*** Opening of DATA UNDER STUDY ***

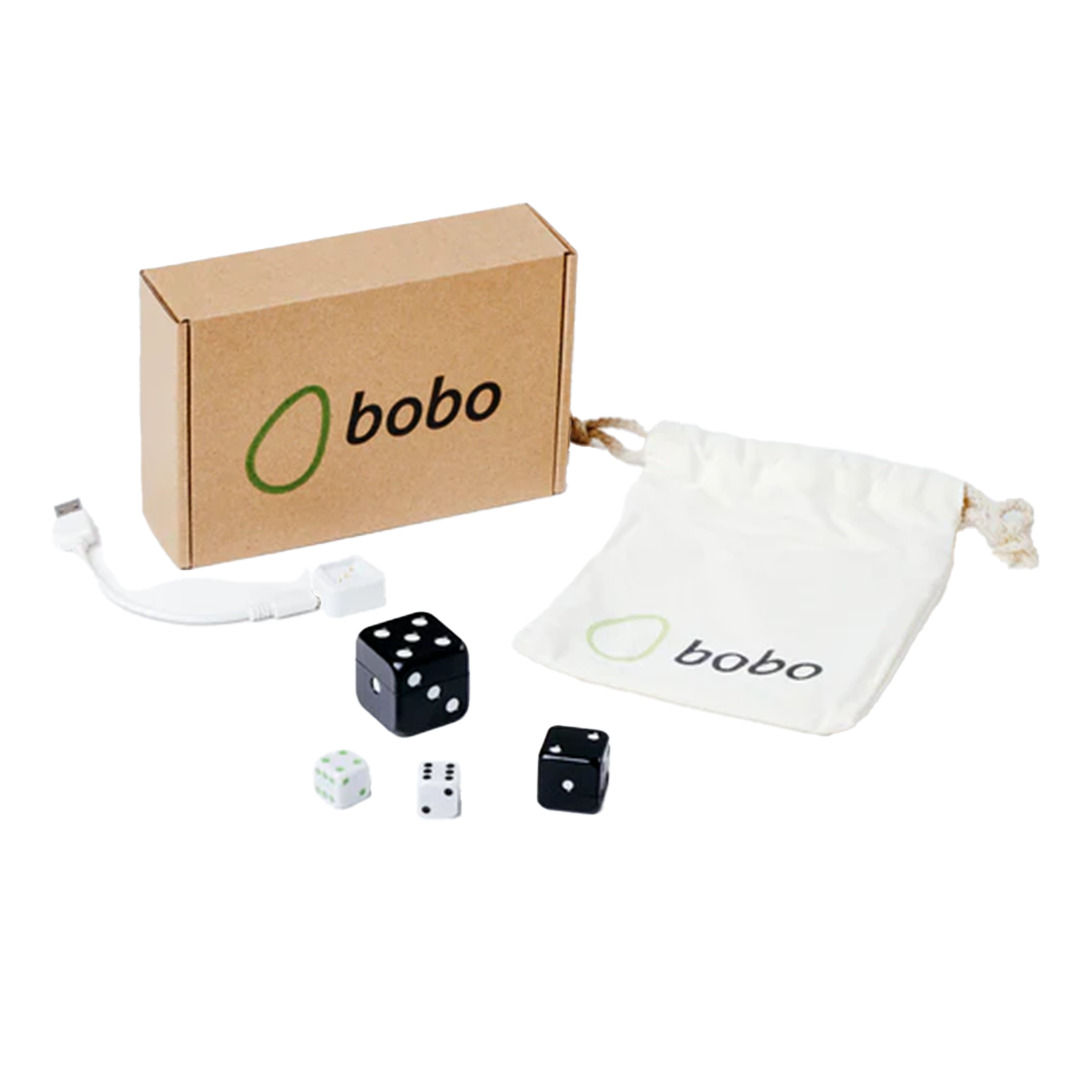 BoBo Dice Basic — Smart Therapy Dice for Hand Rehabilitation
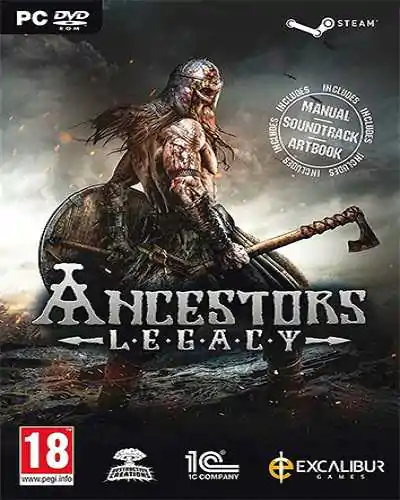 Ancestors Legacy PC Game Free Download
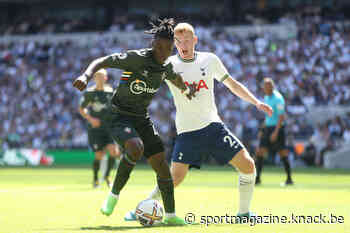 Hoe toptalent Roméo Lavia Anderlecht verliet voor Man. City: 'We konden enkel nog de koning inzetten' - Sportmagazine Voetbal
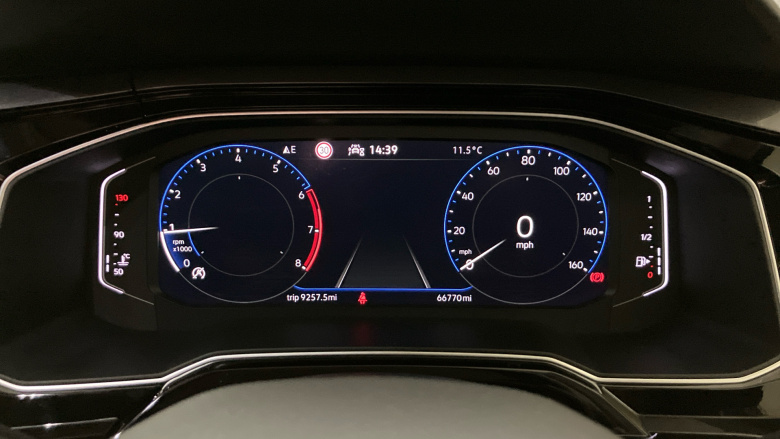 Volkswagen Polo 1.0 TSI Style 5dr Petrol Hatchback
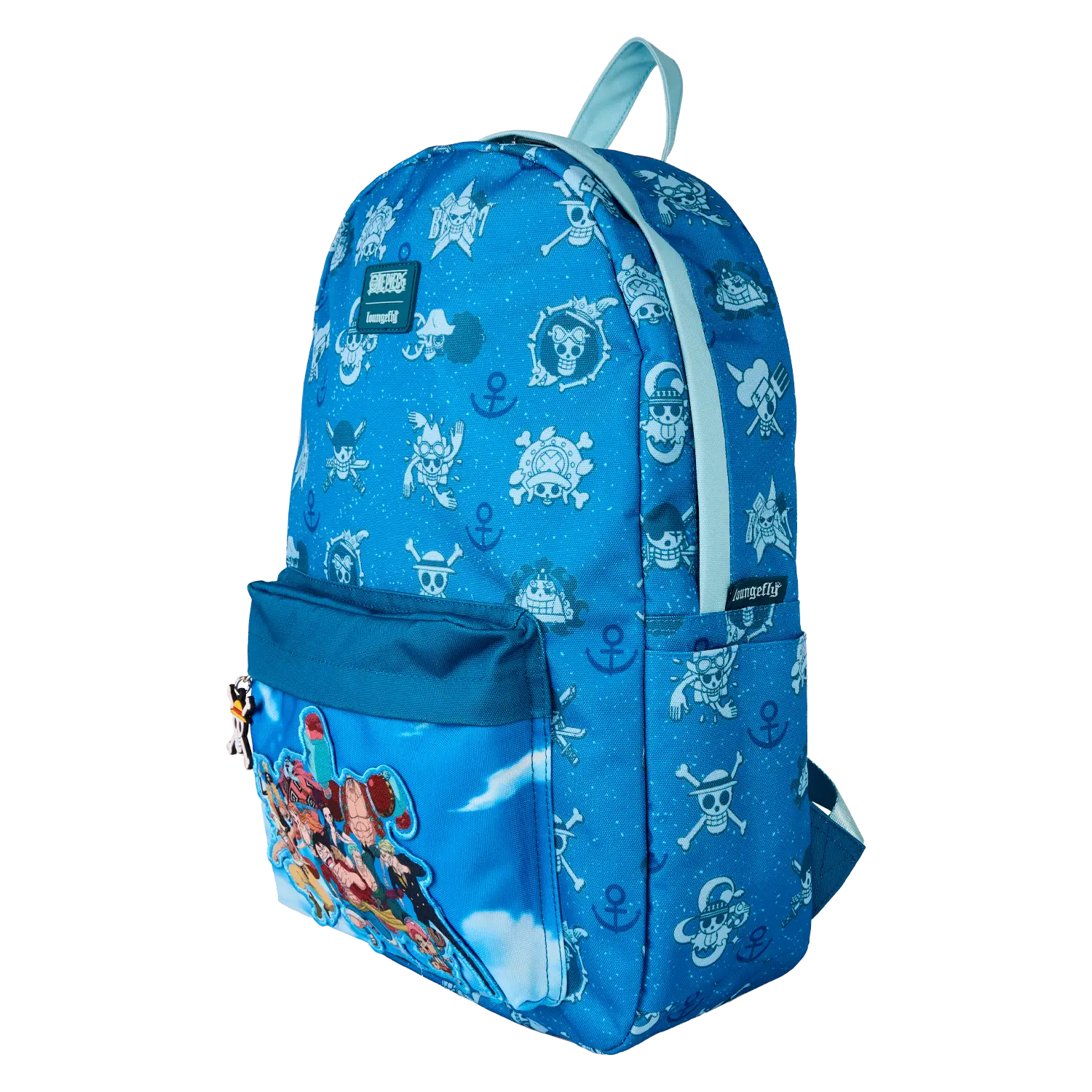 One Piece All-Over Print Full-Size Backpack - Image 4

*** Close of DATA UNDER STUDY ***

WHAT IS BEING ASKED:
Reproduce exactly and only the lines from the one with "Hoe toptalent Roméo" through the final line of the records above, inclusive. Pictures must be left out.

RESULT FOR THIS EXERCISE:
 Hoe toptalent Roméo Lavia Anderlecht verliet voor Man. City: 'We konden enkel nog de koning inzetten' - Sportmagazine Voetbal
 Volkswagen Polo 1.0 TSI Style 5dr Petrol Hatchback
 One Piece All-Over Print Full-Size Backpack - Image 4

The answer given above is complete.